INSTRUCTIONS FOR THE TASK →
Without the pictures, give the listing below again exactly.

DATA SECTION →
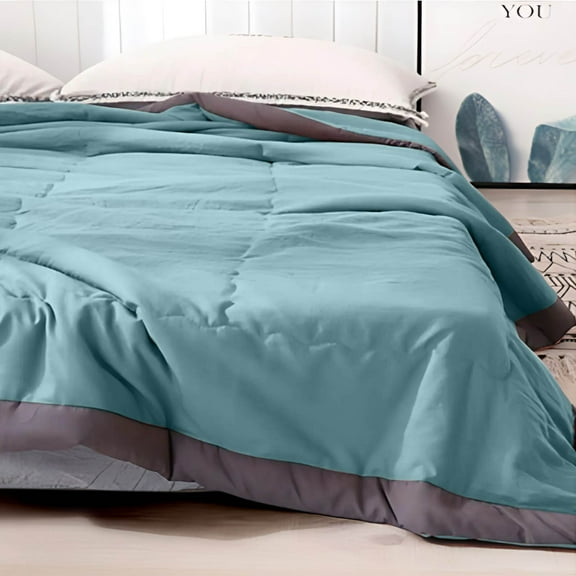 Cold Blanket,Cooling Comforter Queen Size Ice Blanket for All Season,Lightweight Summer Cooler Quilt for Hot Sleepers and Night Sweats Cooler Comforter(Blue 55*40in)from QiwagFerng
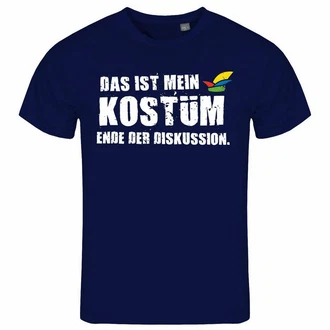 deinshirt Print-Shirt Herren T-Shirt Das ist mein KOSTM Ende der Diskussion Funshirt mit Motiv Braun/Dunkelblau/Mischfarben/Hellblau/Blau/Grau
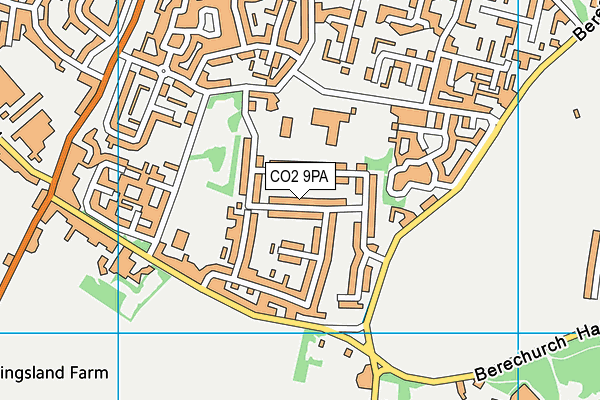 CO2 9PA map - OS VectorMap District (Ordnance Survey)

YOUR RESPONSE →
 Cold Blanket,Cooling Comforter Queen Size Ice Blanket for All Season,Lightweight Summer Cooler Quilt for Hot Sleepers and Night Sweats Cooler Comforter(Blue 55*40in)from QiwagFerng
 deinshirt Print-Shirt Herren T-Shirt Das ist mein KOSTM Ende der Diskussion Funshirt mit Motiv Braun/Dunkelblau/Mischfarben/Hellblau/Blau/Grau
 CO2 9PA map - OS VectorMap District (Ordnance Survey)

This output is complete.